Stepping toward this, Jake rapped peremptorily upon the timber with a pistol butt and presently, from within, came a gruff voiced speaking in words unintelligible to Peter.
“One-eared Jake an’ a crew of friends, matey,” replied the pirate. Almost instantly rusty hinges creaked, the door swung slowly outward, and Jake, Peter and their followers stepped through the aperture.
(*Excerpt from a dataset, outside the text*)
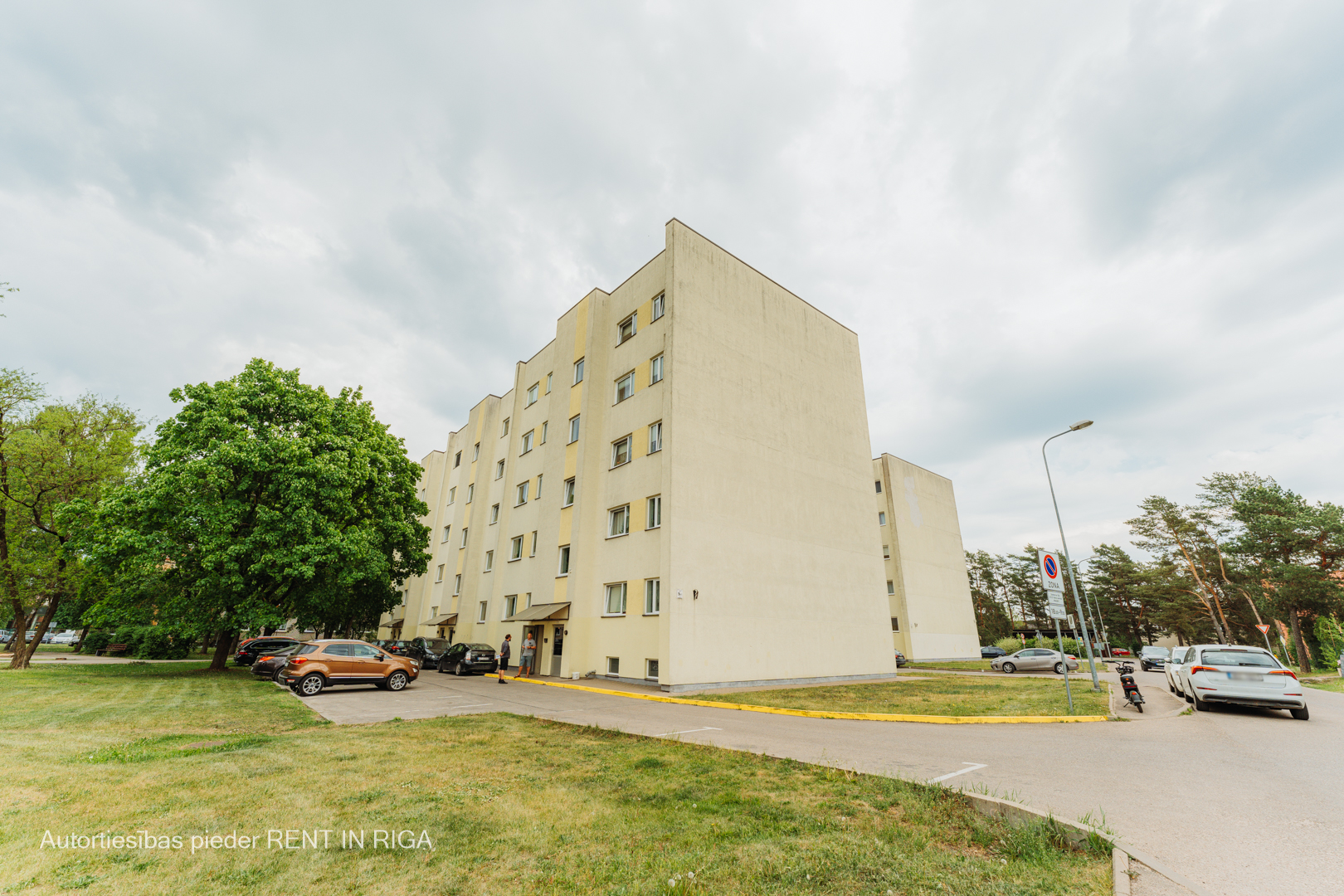 Pārdod dzīvokli, Bērzu iela 9k1 - Attēls 1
Peter glanced about. The door had already closed behind them and a villainous-looking old man, whose single eye glared balefully, was setting heavy iron bars in sockets to hold it more securely. Peter and his companions were in a small courtyard whose pavement of broken tiles, neglected flower beds filled with weeds, and ornate, though dry fountains, spoke of past beauty and an expenditure of wealth. Half hidden amid the tangle were moldy, broken statues. Piled in one corner of the wall was a heap of rusty iron, old cables, weathered cordage and discarded tackle. In another spot were several shattered sea chests. Empty wine kegs were scattered carelessly about, and in the center of the court two ornate brass cannon were mounted. These were the only objects that did not appear to have been neglected and uncared for for years.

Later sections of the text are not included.